### AIM OF THE EXERCISE
Once you reach the line with "Hitachi DT01171 original" below, copy each line exactly, stopping after the line with "1391 Deborah Drive", and skip any pictures.

### RECORDS SUPPLIED

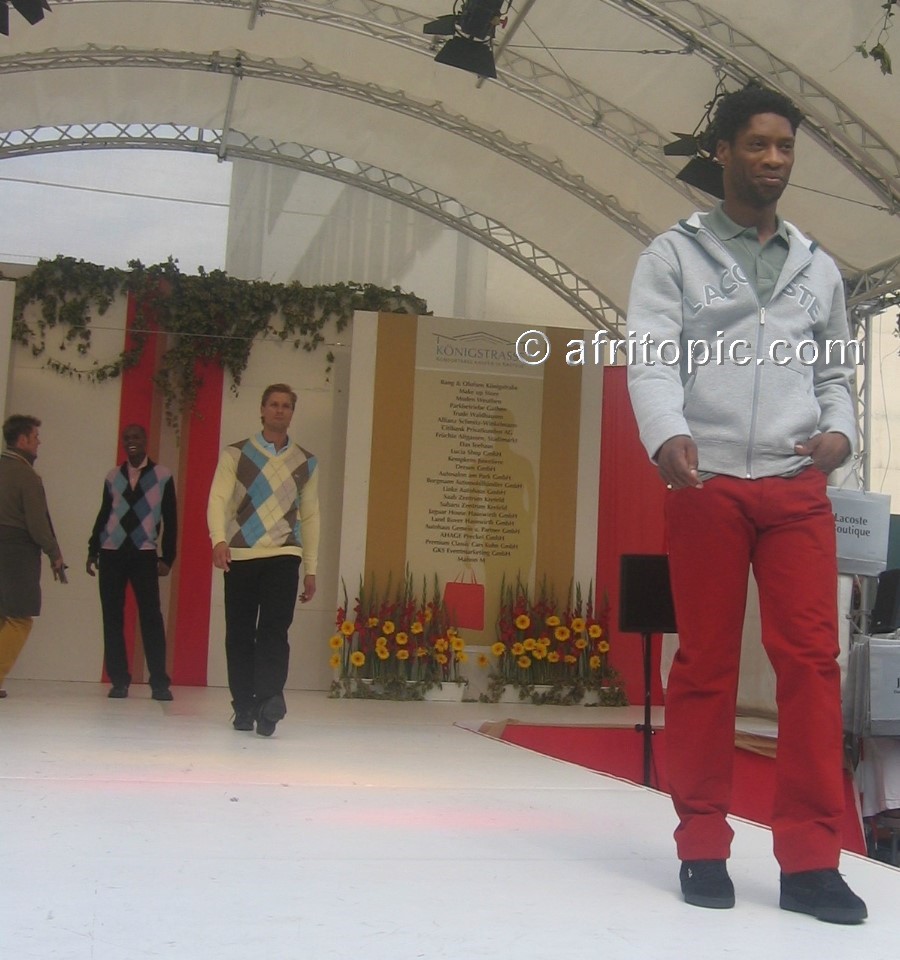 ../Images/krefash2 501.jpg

==

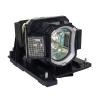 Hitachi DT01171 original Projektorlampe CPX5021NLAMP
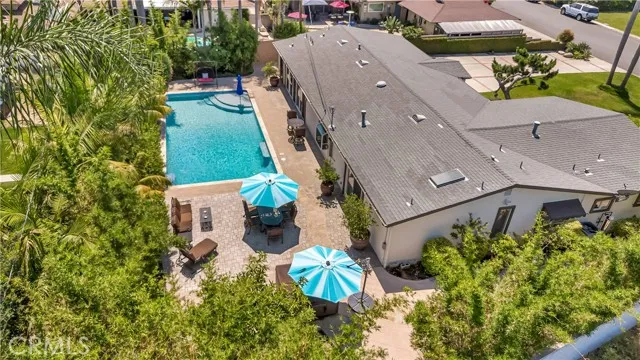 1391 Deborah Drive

### OUTPUT BELOW
 Hitachi DT01171 original Projektorlampe CPX5021NLAMP
 1391 Deborah Drive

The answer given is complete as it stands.